Les supermarchés adaptent également leurs programmes de fidélisation en fonction des comportements d'achat : aux États-Unis, les cartes de fidélité sont largement utilisées pour encourager les achats répétés et collecter des données sur les habitudes de consommation. En France, les stratégies de fidélisation se concentrent davantage sur la qualité du service et la personnalisation de l’offre. Les supermarchés dans les deux réalités intègrent de plus en plus les technologies dans leurs stratégies marketing pour s'adapter aux comportements d'achat modernes comme la géolocalisation ou encore à l'utilisation de notifications mobiles pour attirer les clients à proximité des magasins. Il ne faut pas oublier également l’emploi de la réalité augmentée pour la mise en place d'expériences d'achat innovantes visant à stimuler l'engagement des consommateurs, comme chez des acteurs du marché français (Groupe Mulliez) ou encore dans la filière alimentaire du géant des achats en ligne américain (Amazon). Ce dernier prône, en particulier, sur l’analyse des données clients pour proposer des offres sur mesure et améliorer l'expérience d’achat.

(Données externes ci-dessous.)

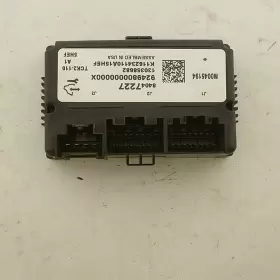 84219971 CHEVROLET Ecu #3
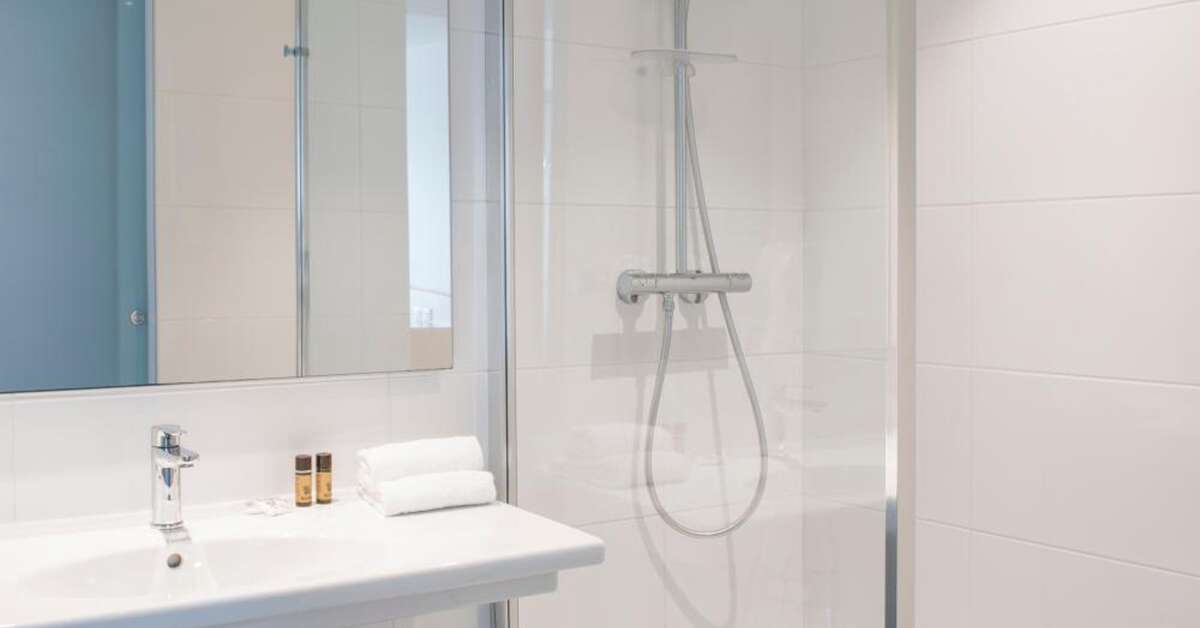 Een foto van Abrial Hotel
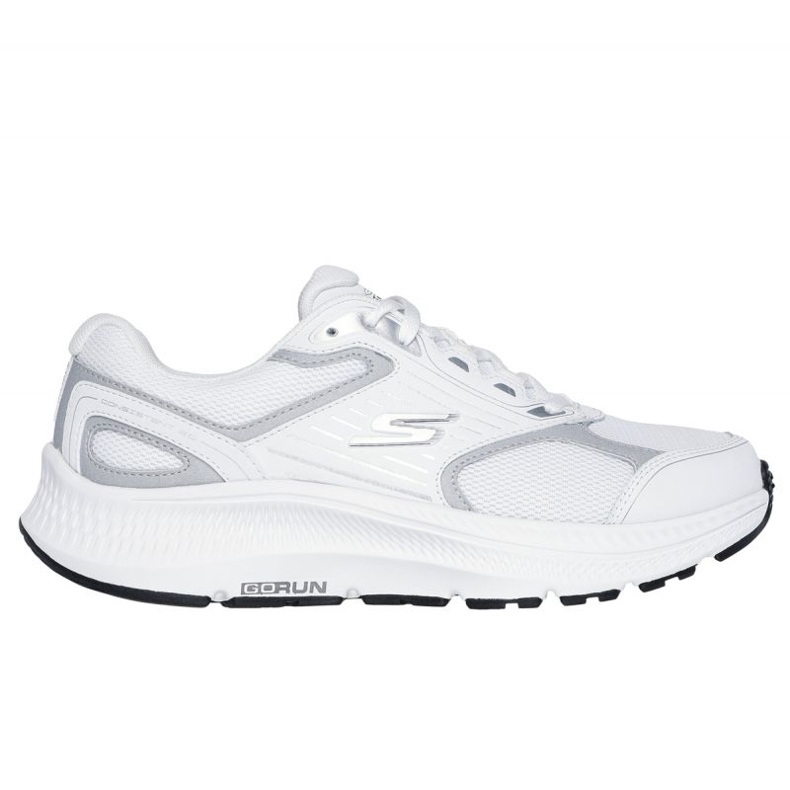 Buty Skechers Slip-ins: Go Run Elevate 2.0 – Banyan W 128606-WSL białe 2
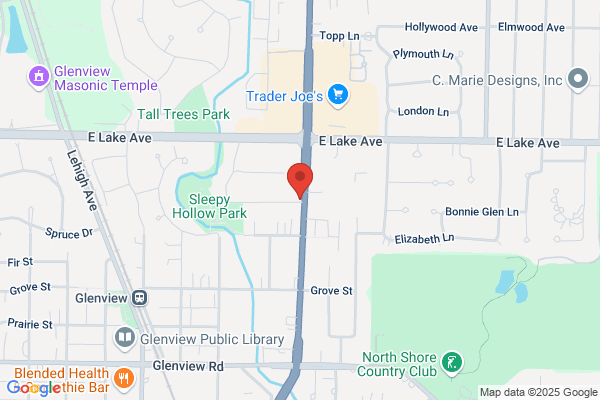 Weil Foot & Ankle Institute - Glenview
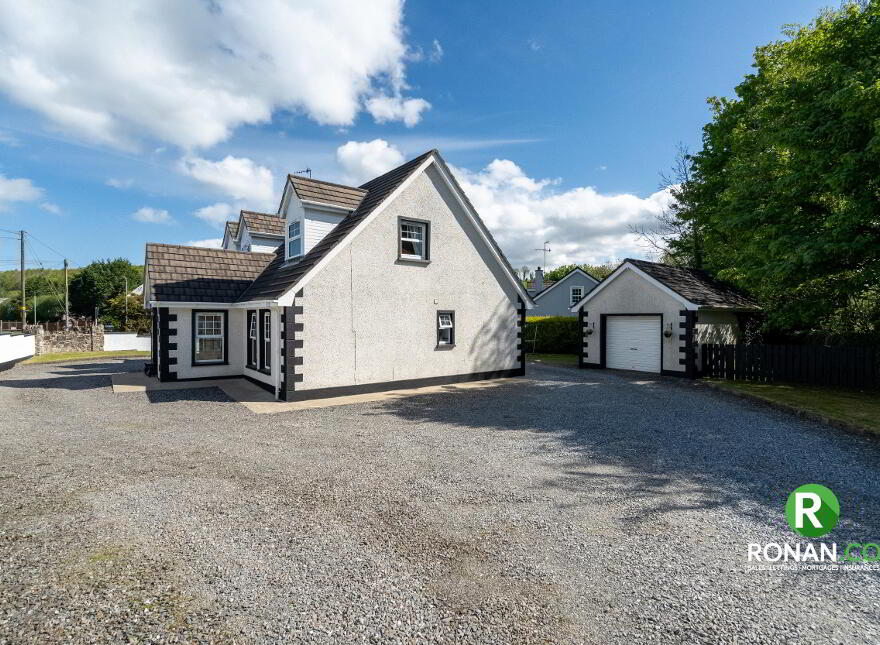 10 Mourneview, Victoria Bridge, Strabane, BT82 9JS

Bien que les comportements d’achat des Français et des Américains présentent des différences notables, influencées par leurs cultures respectives, les supermarchés des deux pays adaptent leurs stratégies marketing pour répondre à ces spécificités, tout en faisant face à des défis communs liés à l’évolution du commerce de détail, que l’on peut aussi découvrir avec plusieurs contenus proposés par des influenceurs qui s’amusent, sur des plateformes comme tiktok ou encore Instagram, à réaliser des vidéos souvent hilarantes sur ces deux pays et sur leurs habitudes de consommation.

Photo par folio.
Le livre d’Annie Ernaux - un livre à ne pas rater et disponible à la bibliothèque du HS - offre une perspective précieuse sur ces dynamiques, soulignant l’importance des supermarchés comme miroirs de la société contemporaine et mettant en lumière la nécessité d’approches ciblées, tenant compte des préférences, des canaux de vente et de la réceptivité aux promotions propres à chaque culture.
Que l’on soit français, américains, italiens ou encore espagnols, nous sommes les produits de ce système et, c’est pour cela, qu’il faut toujours acheter de manière raisonnée et critique tout en respectant l’humain qui se cache derrière nos acquisitions en présentiel ou en ligne.